To evaluate the oncolytic effect of MAYV FG+ in PDX tumor model, 4-6 weeks old male NSG mice were used. A 2×2 mm fragment of a patient-derived pancreatic tumor was subcutaneously implanted in the dorsal region of the mice. Once tumors reached a size of 120 mm², they were infected with 1×10⁶ PFU of MAYV FG+. Four doses were administered every two days once the tumor reached 120 mm³, followed by three additional doses 12 days later. Tumor growth was monitored by measuring tumor volumes every two days using calipers, and tumor volume was calculated as (length×width²)/2 (FIG. 10). Kaplan-Meier survival curves show the extended survival of mice with treated pancreatic tumor compared to controls (FIG. 11).

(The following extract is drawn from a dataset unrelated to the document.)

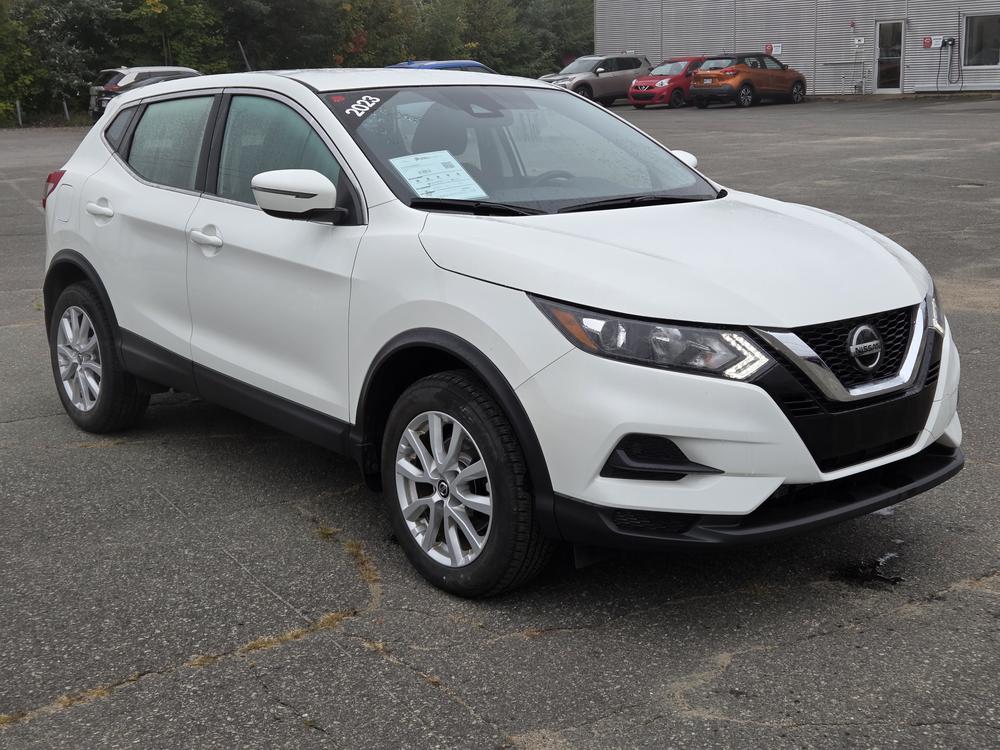 Nissan Qashqai 2023  usage à vendre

While certain example embodiments have been described, these embodiments have been presented by way of example only, and are not intended to limit the scope of the inventions disclosed herein. Thus, nothing in the foregoing description is intended to imply that any particular feature, characteristic, step, module, or block is necessary or indispensable. Indeed, the novel methods and compositions described herein may be embodied in a variety of other forms; furthermore, various omissions, substitutions and changes in the form of the methods and compositions described herein may be made without departing from the spirit of the inventions disclosed herein. The accompanying claims and their equivalents are intended to cover such forms or modifications as would fall within the scope and spirit of certain of the inventions disclosed herein.